As has been typical for many quarters, the major cable TV providers fared better than both satellite and telcos. The top 6 cable TV providers lost 190K video subscribers in Q2 ’17, better than the 225K lost in Q2 ’16. Contributing to the Q2 ’17 slide was Comcast, which after improving its Q2 video subscriber performance successively over the past several years, reversed course and lost 34K video subs in Q2 ’17.
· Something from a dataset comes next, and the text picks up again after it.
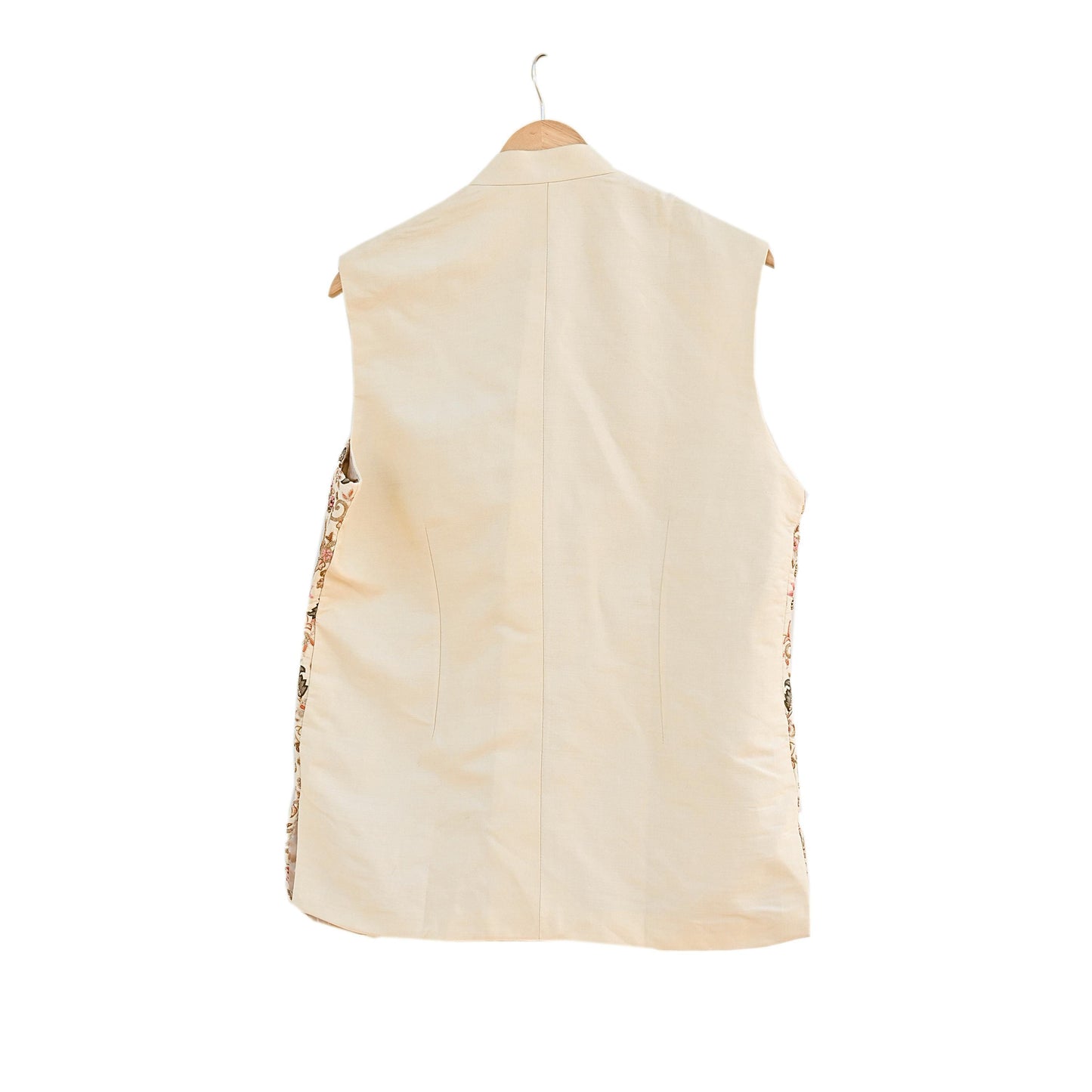 Indian Pre-owned Raw silk Hand Embroidered Mens Floral Brocade Nehru Jacket / Ethnic Waistcoat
The 2 main satellite providers notched their worst Q2 ever, jointly losing 437K video subscribers before the benefit of their skinny bundle subscribers. DirecTV lost 156K subs and Dish lost 281K subs. Satellite losses are being accelerated by corporate strategies favoring skinny bundles and reducing new satellite subscriber promotions.
As I wrote recently, AT&T in particular has begun using its DirecTV Now skinny bundle as discounted bait to lure and retain wireless subscribers. In Q2 DirecTV Now gained 152K subscribers and Sling TV gained around 80K-90K.
The telcos together lost 268K video subs in Q2 ’17, an improvement compared to a loss of 550K in Q2 ’16. In addition to de-emphasizing DirecTV satellite subscribers, AT&T is also scaling back its U-verse subscribers in favor of DirecTV Now in a discounted bundle. Verizon’s long-planned skinny bundle has been stalled as the company seeks to sign-up a core group of TV networks for its service.
All in all, the Q2 ’17 video subscriber losses reflect an industry that is certain to contract slowly but surely in the years to come, as viewers’ choices explode and consumption shifts online.